Gezegen'in bambaşka bir yerinde gökyüzünde iki kişi duruyordu. Bir tarafta turuncu saçlara ve mavi gözlere sahip bir erkek duruyorken, diğer tarafta ise kumral saçlara ve yeşil gözlere sahip bir kız duruyordu.
Erkek olan iri yapılı ve yaklaşık 1.90 boyundaydı.Saç şekli bir at kuyruğuna benziyordu. Kız ise bir tanrıçaya benziyordu. Kağıt beyazı renkte bir tene ve gökkuşağının o tatlı yeşilinde gözlere sahipti.
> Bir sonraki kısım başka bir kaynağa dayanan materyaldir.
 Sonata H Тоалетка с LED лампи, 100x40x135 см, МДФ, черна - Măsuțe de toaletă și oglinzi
Bu kızın saçları bellerine kadar uzanıyordu ama her hangi bir şekil verilmemişti düz saçtı.
Indria burada olsa onları tek bakışta tanırdı. Bunlar Ustrel ve Lamia'ydı!.İkisi Gökyüzü aleminin birinci seviyesindeydiler. Onlar uzun bir süre bakıştıktan sonra birbirlerine saldırmaya başlayacaklardı ki o anda ortaya gümüş saçlı bir adam çıkıverdi. Bu adamın bir gözü maviyken bir gözü kırmızıydı. Beyaz bir tene ve düz saçlara sahipti. Şu anda kaşlarını çatmış bir şekilde ileriye bakıyordu. İleriye bakarken bir anda bakışlarını Ustrel ve Lamia'ya çevirdi ve bir elini Ustrel'in diğer elini ise Lamia'nın omzuna attı.
"Misafirimiz var. Misafirimizi iyi karşılayın." dedi gülümser bir şekilde.
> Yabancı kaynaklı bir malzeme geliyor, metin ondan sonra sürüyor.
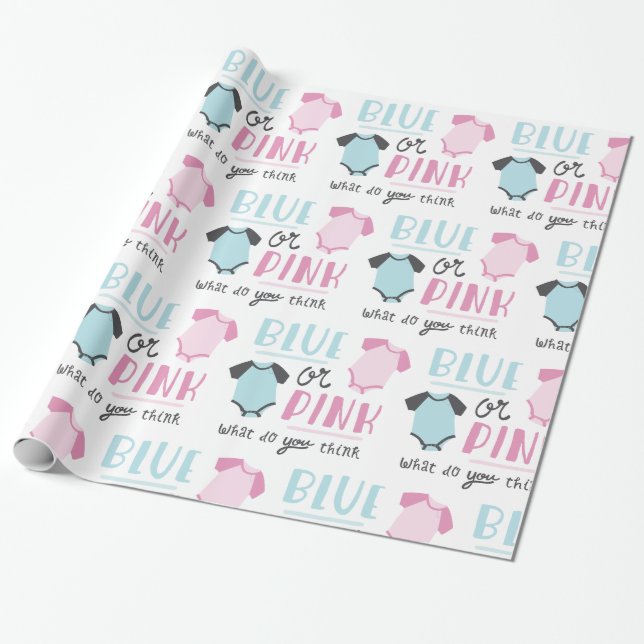 Blue or Pink Baby Gender Reveal Party Shower Wrapping Paper (Unrolled)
Ustrel ve Lamia başını eğdi ve iki ellerini kaldırdı ve bir elini avuç bir elinide yumruk haline getirdiler. Birbirlerine vurdular ve aynı anda, "Anlaşıldı usta!"
Daha sonra, ustalarının baktığı tarafa bakmaya başladılar. Şu anda onlara doğru çok hızlı gelen iki kişi vardı ve bunlar uçarken havada ses patlamaları oluyordu.
İki kişi onlara doğru ilerliyordu ve tam onların önlerinde durdular. Birisi siyah saçlara sahip iri yarı bir erkekti. Bu erkeğin aysız bir gece kadar siyah gözleri vardı ve bakana iyi şeyler hissettirmiyordu. Onun gözlerine bakınca insan boşluğa düşüyormuş gibi hissediyordu. Yanındaki ise on sekiz yaşlarında olan bir gençti.Bu gencin kahverengi saçları ve güneş gibi gözleri vardı. Bu genç bir elini göğsüne vererek hafifce eğildi. "Benim adım Kai Len."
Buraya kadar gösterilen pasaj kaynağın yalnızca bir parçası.